Could every line below be transcribed exactly, with the pictures dropped?

COLLECTED MATERIAL:

☆ ☆ ☆ ☆ ☆ ☆ ☆

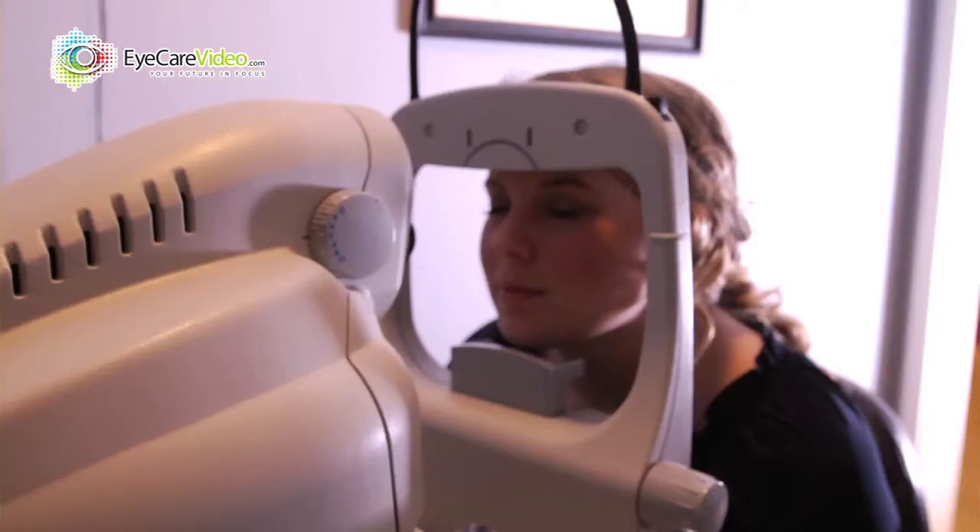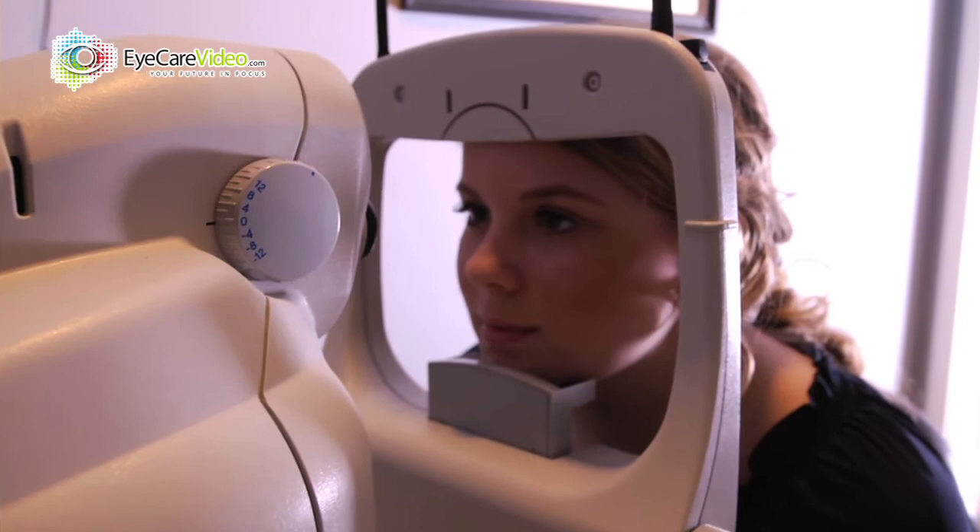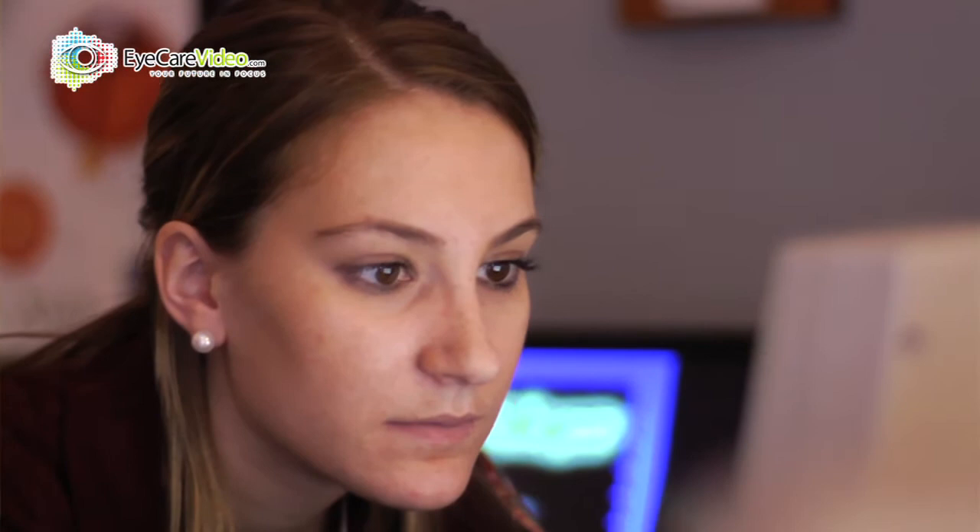A lot of offices may have these go-to lenses that they use 90% of the time, and it seems like no matter what the patient's symptoms or issues, they just go to those lenses. Whereas we take a different approach in that we look at a person's issues — what are their vision difficulties, what are their challenges on a daily basis — and we're going to try to find a lens that fits that.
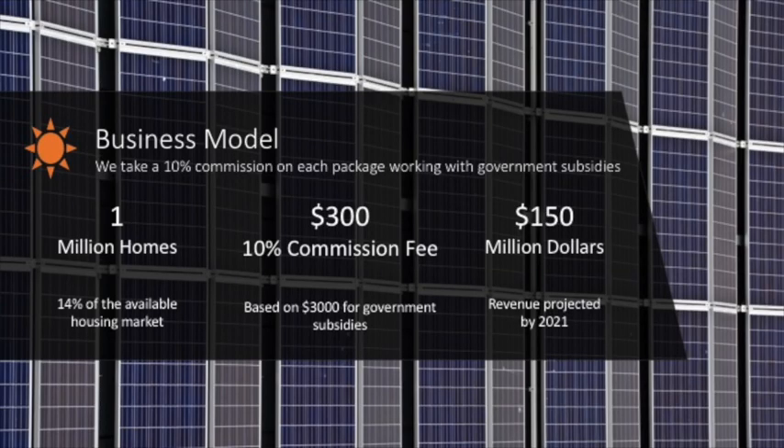Now that's all well and good for the customer — but what about the investors? When you invest with Vagola Solar, we prove beneficial for both the consumer and the company. When we work alongside government subsidies, we take a 10% commission on each business transaction. This benefits the customer by cutting out time, paperwork and research, while on the flip side, this benefits Vagola and the investors as 1 million homes last year were installed with solar. The average government subsidy is around $3,000, so adding a 10% commission on top of that, plus the cost of the panels and the installation, Vagola Solar is looking at a projected revenue of $150 million.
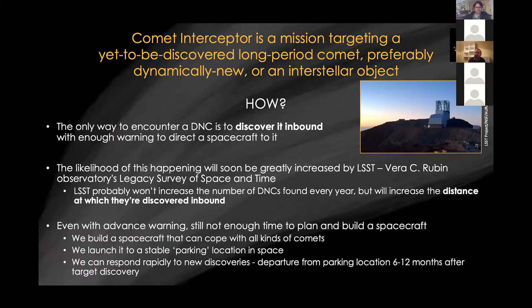That's a challenging thing to do, because by definition a new comet coming in hasn't been discovered yet, so you can't plan a trajectory to your target. To get to a new target like this, we need to discover it on its way in with enough time to get there. We've heard about the LSST and how it will vastly increase discovery rates of solar system objects. It will find comets a lot further out, giving us much more warning time to prepare and get a spacecraft in the right place.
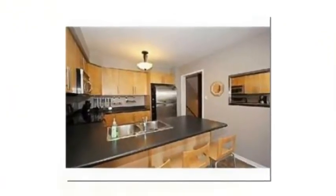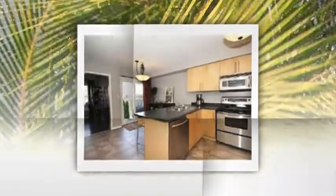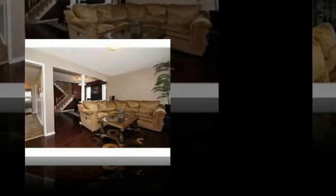Hardwood throughout the living and dining area with gas fireplace, main floor laundry, and indoor garage entry. Master bedroom boasts a walk-in closet along with an ensuite bathroom. This house is a gem in a great neighborhood. Extras include hot tub.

☆ ☆ ☆ ☆ ☆ ☆ ☆

RESPONSE BOX:
A lot of offices may have these go-to lenses that they use 90% of the time, and it seems like no matter what the patient's symptoms or issues, they just go to those lenses. Whereas we take a different approach in that we look at a person's issues — what are their vision difficulties, what are their challenges on a daily basis — and we're going to try to find a lens that fits that.
Now that's all well and good for the customer — but what about the investors? When you invest with Vagola Solar, we prove beneficial for both the consumer and the company. When we work alongside government subsidies, we take a 10% commission on each business transaction. This benefits the customer by cutting out time, paperwork and research, while on the flip side, this benefits Vagola and the investors as 1 million homes last year were installed with solar. The average government subsidy is around $3,000, so adding a 10% commission on top of that, plus the cost of the panels and the installation, Vagola Solar is looking at a projected revenue of $150 million.
That's a challenging thing to do, because by definition a new comet coming in hasn't been discovered yet, so you can't plan a trajectory to your target. To get to a new target like this, we need to discover it on its way in with enough time to get there. We've heard about the LSST and how it will vastly increase discovery rates of solar system objects. It will find comets a lot further out, giving us much more warning time to prepare and get a spacecraft in the right place.
Hardwood throughout the living and dining area with gas fireplace, main floor laundry, and indoor garage entry. Master bedroom boasts a walk-in closet along with an ensuite bathroom. This house is a gem in a great neighborhood. Extras include hot tub.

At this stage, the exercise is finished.